Of laboratory tests many have been devised. While all yet leave much to be desired, still through their application the majority of mental defectives can be detected. Fairly accurate standards of normality have been established from which the relative degree of “backwardness” can be determined. We have just awakened to the importance of detecting defectives early in life, hence many of our tests have been planned with reference to children. They are based not so much on training or conscious learning as on fundamental processes which develop at certain ages in children. Another impetus toward securing adequate criteria of mental deficiency has been the crying need of having some easily applied standard for detecting the very large numbers of defective immigrants who are continually seeking to enter the United States.

Most of the methods consist of “performance” tests which are planned to test the powers of perception, concentration, application, ingenuity and education of the subject. Previous environment, education and the difficulties under which the subject may be laboring at the time of the test must, of course, be taken into account. It is particularly difficult to get adequate tests for the immigrant which will enable one to distinguish between ignorance, stupidity, fear and temporary psychic depression on the one hand, and congenital mental deficiency on the other.

Perhaps the most successful single set of tests for mental deficiency is that known as the Binet-Simon Scale. From an examination of large numbers of French school children Binet constructed a scale of tests of increasing complexity accurately graded to age and previous training of the average normal child. In the Binet-Simon system tests are given for each age from three years to thirteen. When a child successfully passes the tests for his age he is classed as normal. If he succeeds only in tests which normally are those given for a child a year younger then he is backward to the extent of one year. Similarly he may show by these graded tests that he is backward to the extent of two years, three years and so on. If a child is more than three years backward according to the test he is regarded as mentally defective. Various corrections and adjustments of the original scale have been worked out to allow for unevenness in mental development. On the whole the scheme works out satisfactorily when applied by one skilled in its use. The attitude of the examiner, however, is of so great importance that the tests are of less value in the hand of inexperienced workers. A revision of the scale to adapt it better to American children has recently been made by Doctor Goddard.[10] Besides the Binet-Simon tests various performance tests, standardized for children of different ages, such as Seguin’s form board, Healy’s pictorial completion test, Fernald’s construction puzzle, the Rossolimo test, De Sanctis test, etc., are used by different investigators. Questions designed to reveal moral tone are also employed. Doctor Howard A. Knox, assistant surgeon United States Public Health Service, in a recent article[11] gives an interesting account of the tests applied to determine the exact mentality of immigrants entering the United States together with a brief review of various tests. A full account and discussion of the various tests for the mentally subnormal will be found in a recent publication by Doctor William Healy,[12] director of the Juvenile Psychopathic Institute, Chicago.
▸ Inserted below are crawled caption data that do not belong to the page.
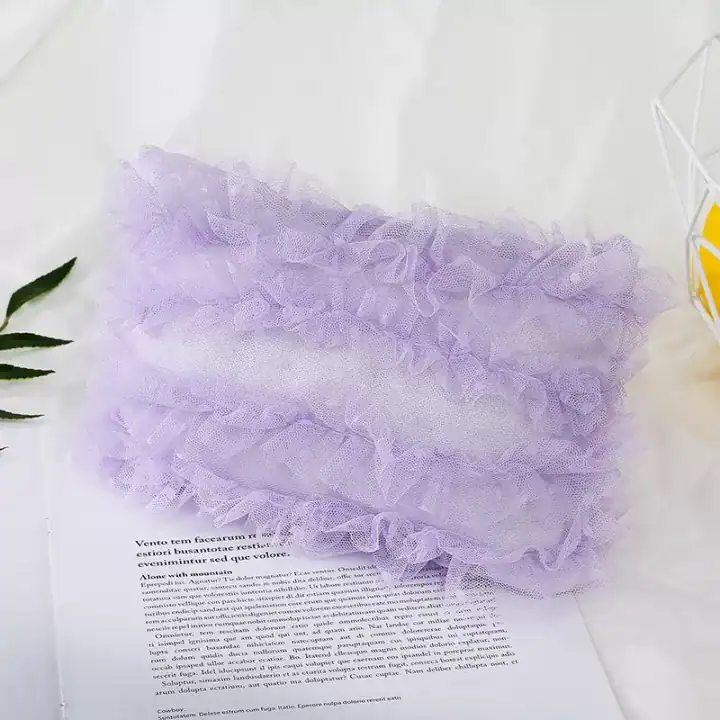 مخدة تصوير مواليد من الدانتيل الأبيض الفاخر بتصميم مستطيل موضوعة على خلفية قماشية ناعمة في استوديو تصوير مواليد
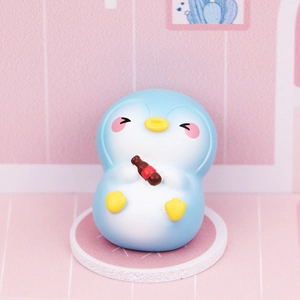 Mini cute penguin figurine holding a brown soda bottle for desk decoration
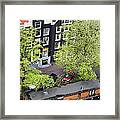 Canal Houses And Houseboat In Amsterdam Framed Print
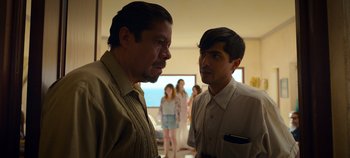 Movie still from “A Deadly Invitation” (2023), directed by J.M Cravioto – Two men standing next to each other in a room; Medium shot, Over the shoulder angle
The Backward Child in School.—It is only in recent times that we have come to realize the seriousness of the problem which the backward child presents in our schools. It is of the utmost importance to discover early in school life which of the backward children owe their condition to adenoids, defective sight or hearing, poor nutrition, imperfect circulation, or other remediable defects, and which are the victims of innate mental deficiency. The treatment of the individual must be very different in the two cases. In the one the condition can be cured by proper manipulations or other treatments; in the other it can only be ameliorated. All school children who are two or three years below grade should be rigidly inspected by the medical examiner.